Anecdotal evidence and surveyed literature indicated that home knitted swimsuits sagged. An experiment was conducted to ascertain the material differential between manufactured and home-made swimsuits when tested in water. Archival research enabled the recreation of an expensive manufactured swimsuit and home-made ones from 1930s knitting patterns. The recreations were used to test the performative qualities of both when swum in. Narrative accounts from the swimmers, their embodiment of the garment and the re-enactment proved to be essential in determining class differential in the swimsuit.

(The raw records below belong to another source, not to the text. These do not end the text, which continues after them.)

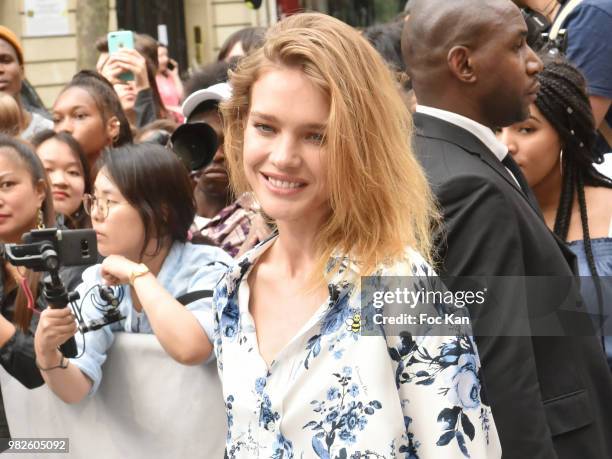 Natalia Vodianova attends the Dior Homme Menswear Spring/Summer 2019 show as part of Paris Fashion Week on June 23, 2018 in Paris, France.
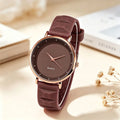Women's Round Dial Silicone Watch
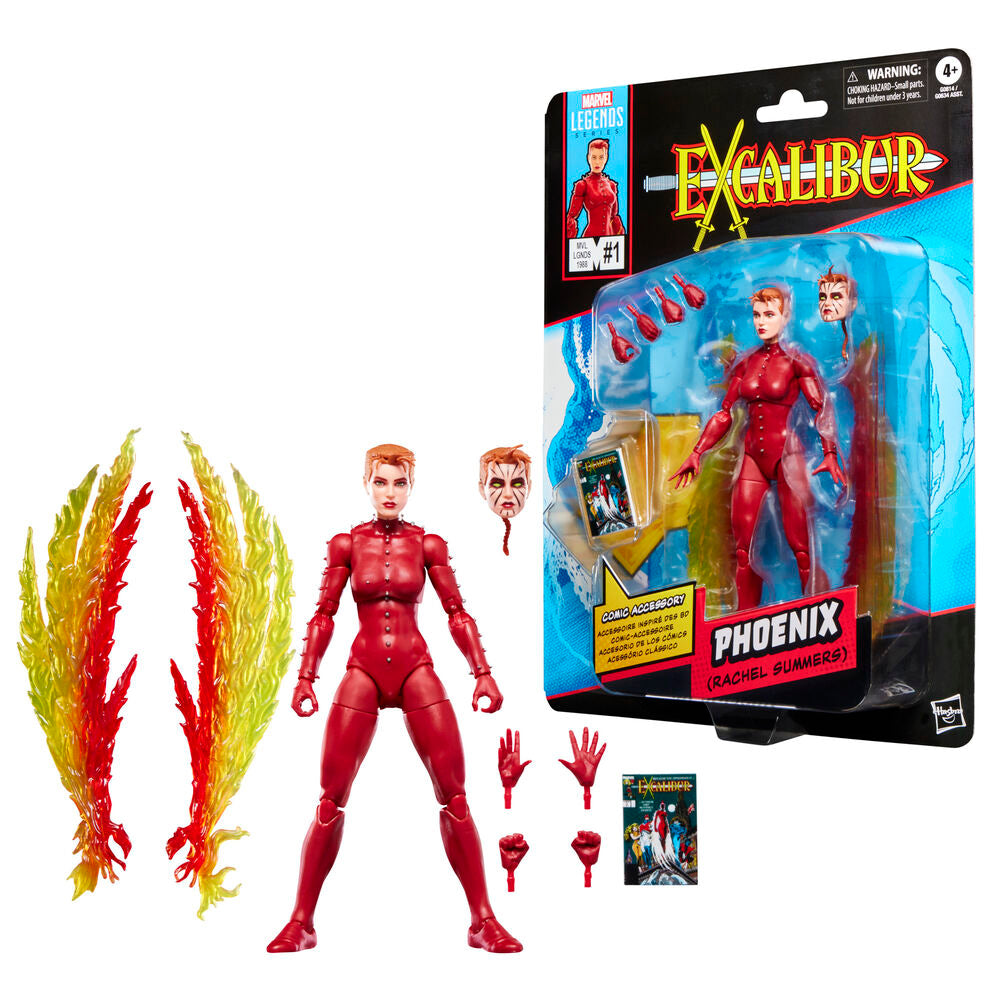 Marvel Legends Series Excalibur Phoenix Rachel Summers Figur 15 cm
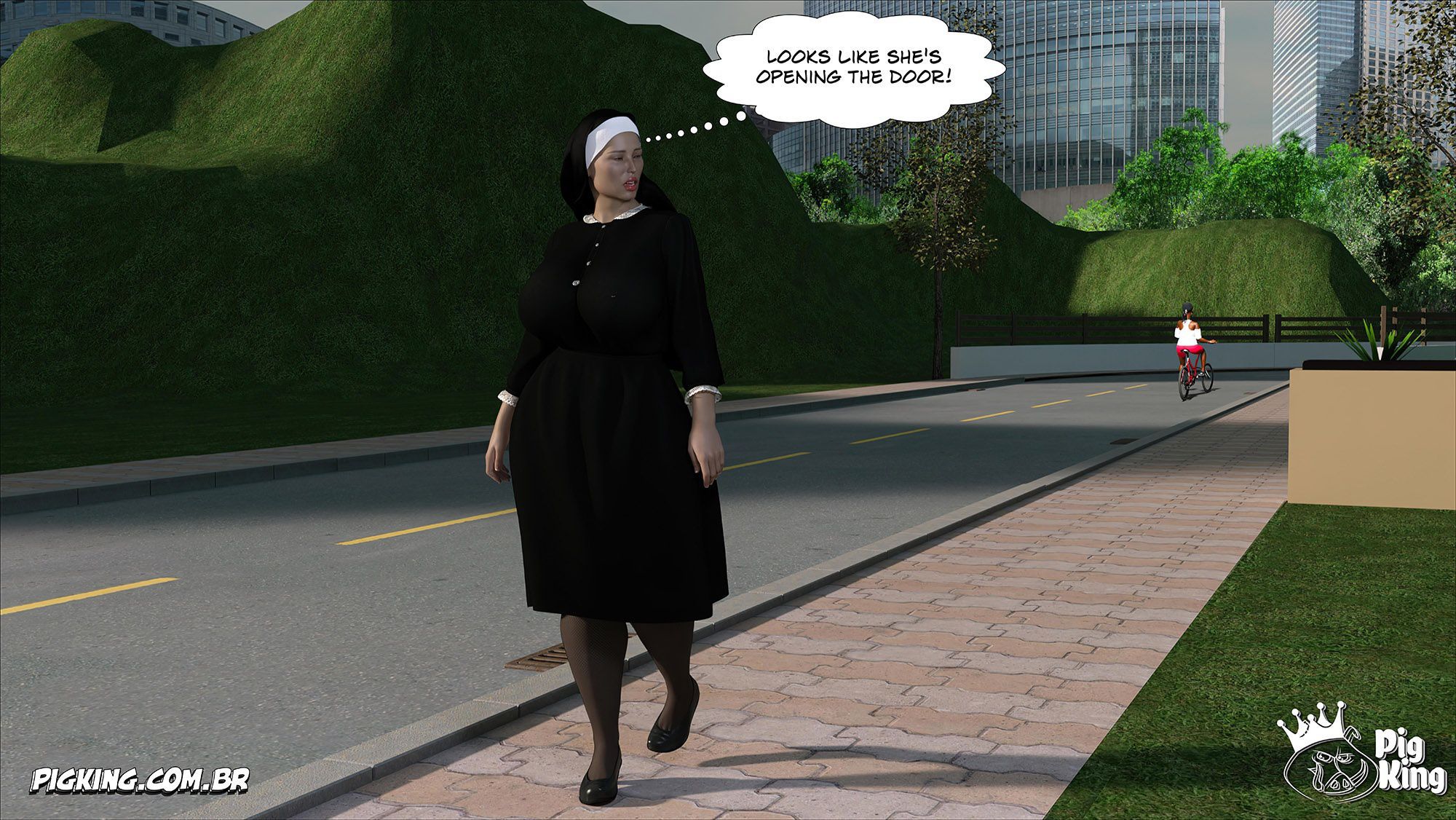 Nun Isabella [PigKing] - Chapter 1 — Page 7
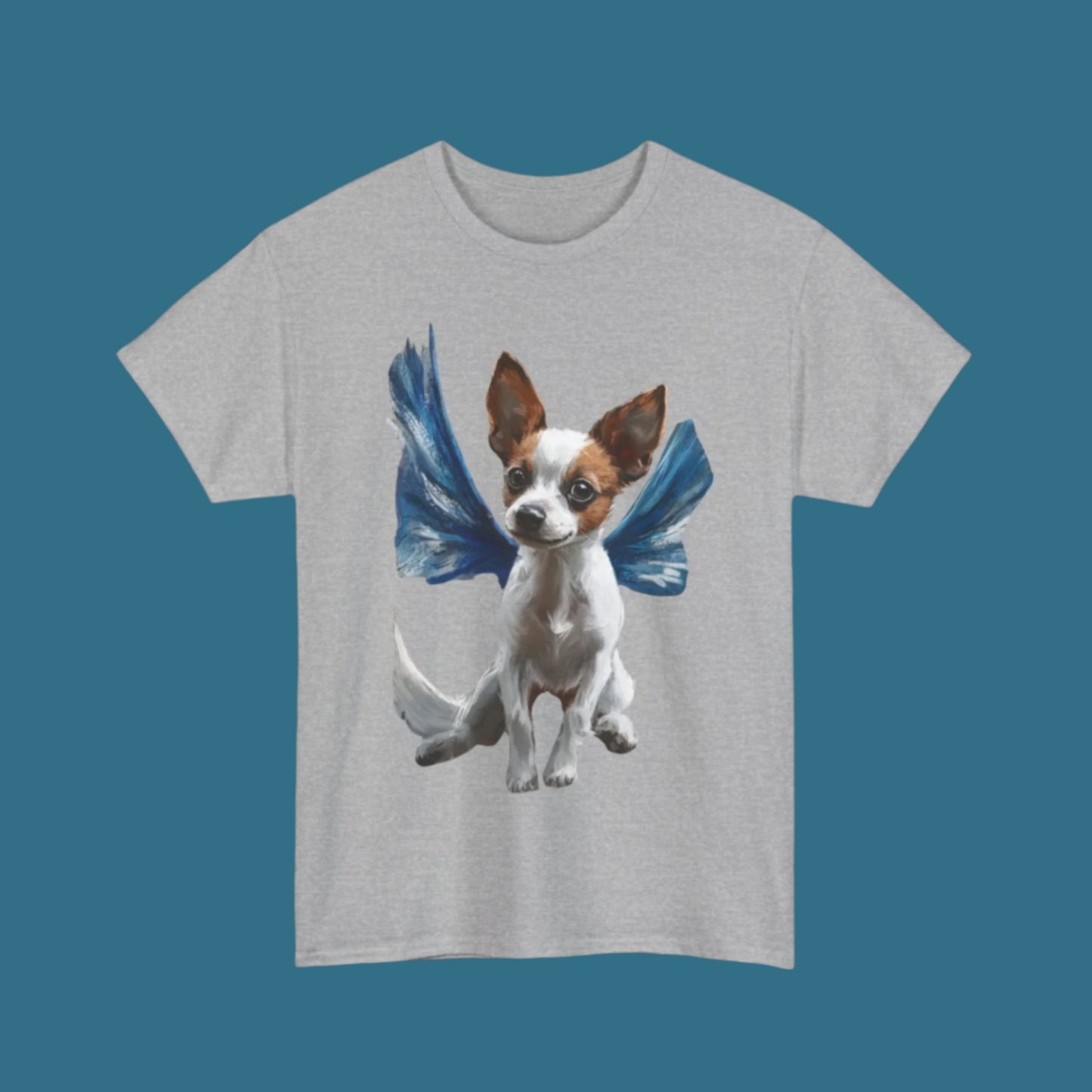Winged Dog Graphic Heavy Cotton Tee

The experiment revealed a material referent for the fact that claims for democracy in swimming were undermined by saggy home-knitted swimwear. Modesty, reliability and body-confidence were evidently only available to those who could afford a manufactured swimsuit.
Archival research into company advertising and women’s magazines demonstrated that the bid to achieve the most glamourous figure-fit swimsuit was ongoing during the interwar period. The garment as material, as image (in both promotional material, documentary photography and memory) and in relation to the materials and surfaces of both the wearing body and the environments in which it was worn are central to the thesis.
The study took a multi-method approach, consisting of interviews, archival research, re-creation and re-enactment. It drew on fashion and textile history and theory, and social, philosophical, and political theory. The findings offer a different approach to garment study. Links have been made between the swimsuit and interwar healthy body culture but this thesis firmly locates the garment in ideas about hygiene, class, eugenics and the perfected body.
The thesis also explores the connections made through the metonymic meanings of surfaces such as purity and impermeability in concrete, chrome and the swimsuit as a second skin. The study finally considers the aspirations of interwar ideas about glamour in both body and building and the reality of maintaining these in daily life and for posterity.